What to produce =
The copy you give must match the records exactly, except that it holds no images.

(Source data)
┌──

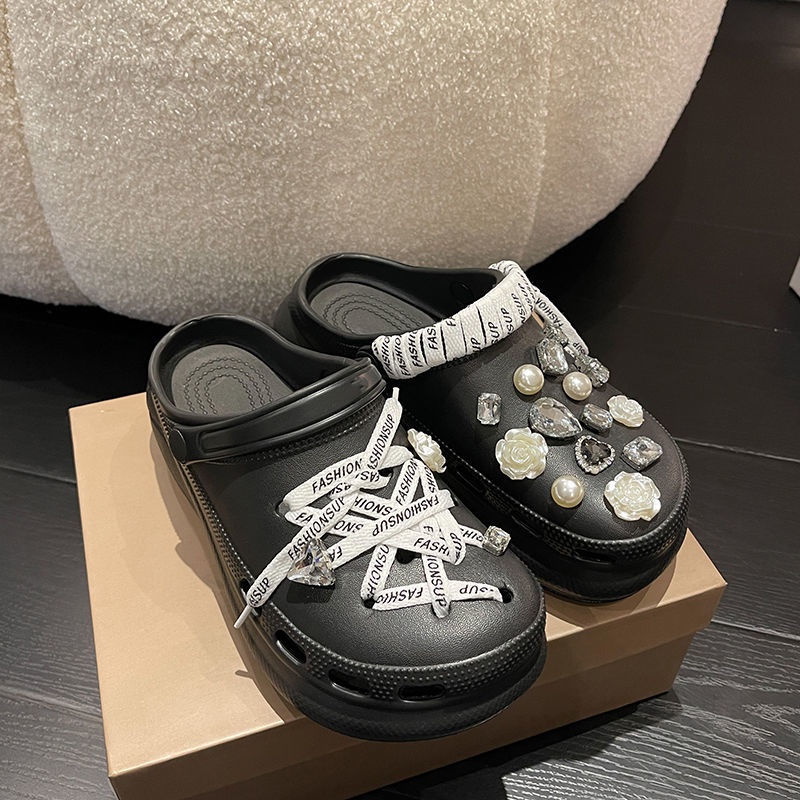 2023 Crocs Giày Nữ Dép Quai Ngang Đính Kim Cương Giả Đế Dày Tăng Chiều Cao Chống Trượt Thời Trang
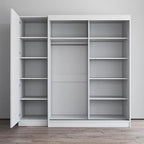 Armoire 2 portes avec miroir, façade vitrée, 2 personnes (Gris / Noir / Blanc)
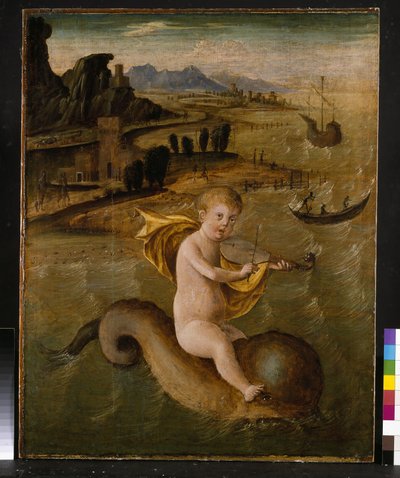 Arion reitet auf einem Delphin, ca. 1509-10, Tempera und Öl auf Holz von Francesco Bianchi Ferrari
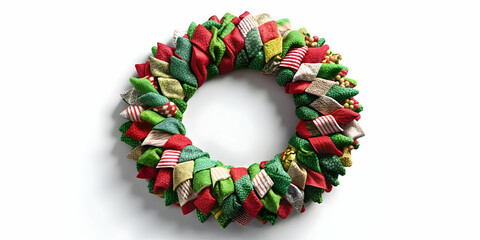 3D Upcycled Fabric Christmas Wreath Pattern Seamless Background | Eco-Friendly Zero Waste Holiday Decor Icon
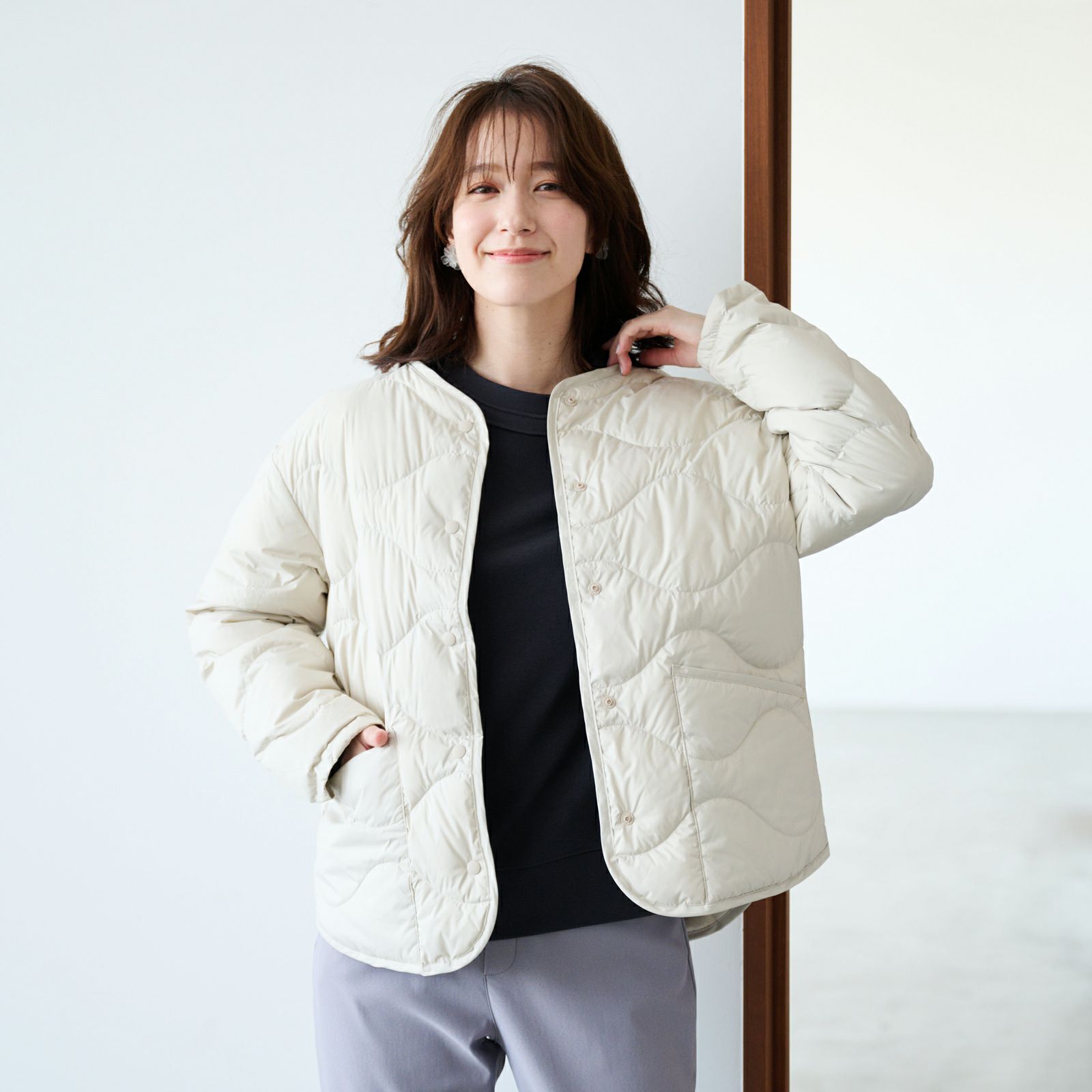 ウオッシャブルダウン　ノーカラージャケット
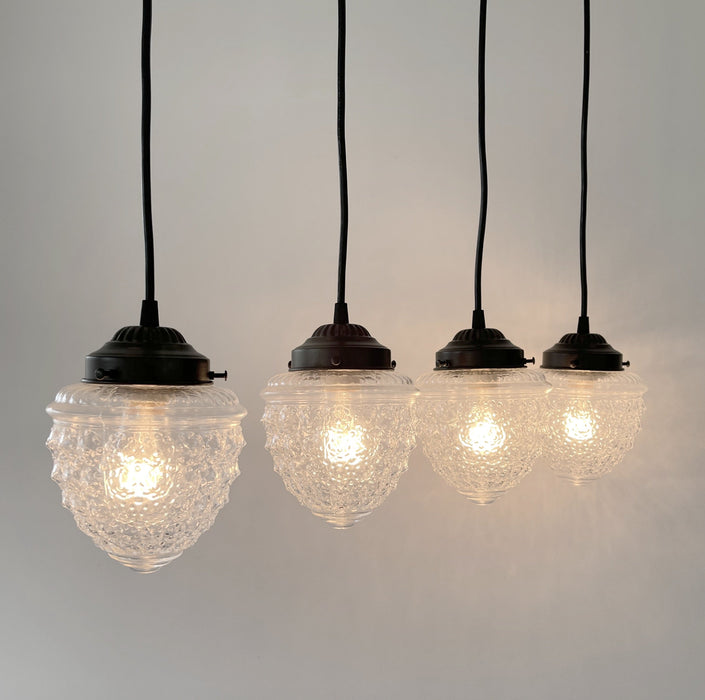 Antique Glass Dining Room Rectangular Pendant Chandelier Ceiling Light - Sweatfully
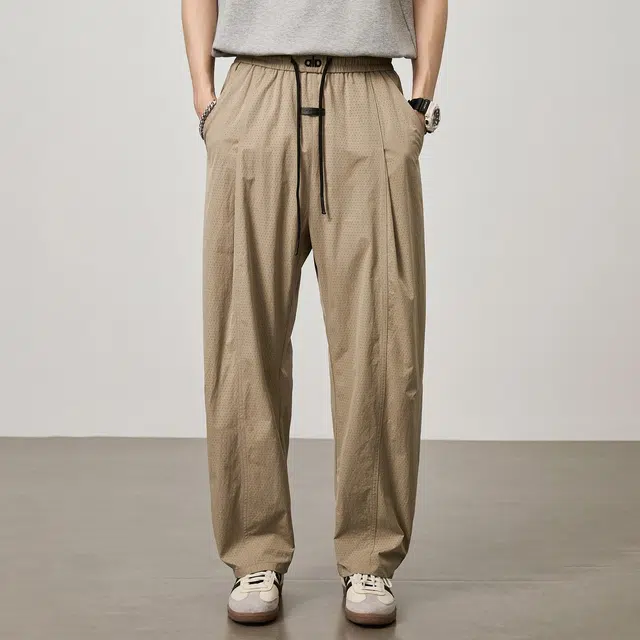 童先森 网眼速干宽松垂坠感潮流潮牌直筒休闲裤 男款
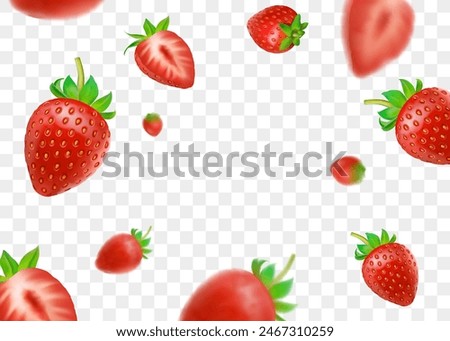 Strawberry background. Flying 3d fall slices for juice or jam advertising or packaging, red juicy food with fresh natural leaves, label decoration. Vector isolated in transparent backdrop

└──

Output of the exercise =
 2023 Crocs Giày Nữ Dép Quai Ngang Đính Kim Cương Giả Đế Dày Tăng Chiều Cao Chống Trượt Thời Trang
 Armoire 2 portes avec miroir, façade vitrée, 2 personnes (Gris / Noir / Blanc)
 Arion reitet auf einem Delphin, ca. 1509-10, Tempera und Öl auf Holz von Francesco Bianchi Ferrari
 3D Upcycled Fabric Christmas Wreath Pattern Seamless Background | Eco-Friendly Zero Waste Holiday Decor Icon
 ウオッシャブルダウン　ノーカラージャケット
 Antique Glass Dining Room Rectangular Pendant Chandelier Ceiling Light - Sweatfully
 童先森 网眼速干宽松垂坠感潮流潮牌直筒休闲裤 男款
 Strawberry background. Flying 3d fall slices for juice or jam advertising or packaging, red juicy food with fresh natural leaves, label decoration. Vector isolated in transparent backdrop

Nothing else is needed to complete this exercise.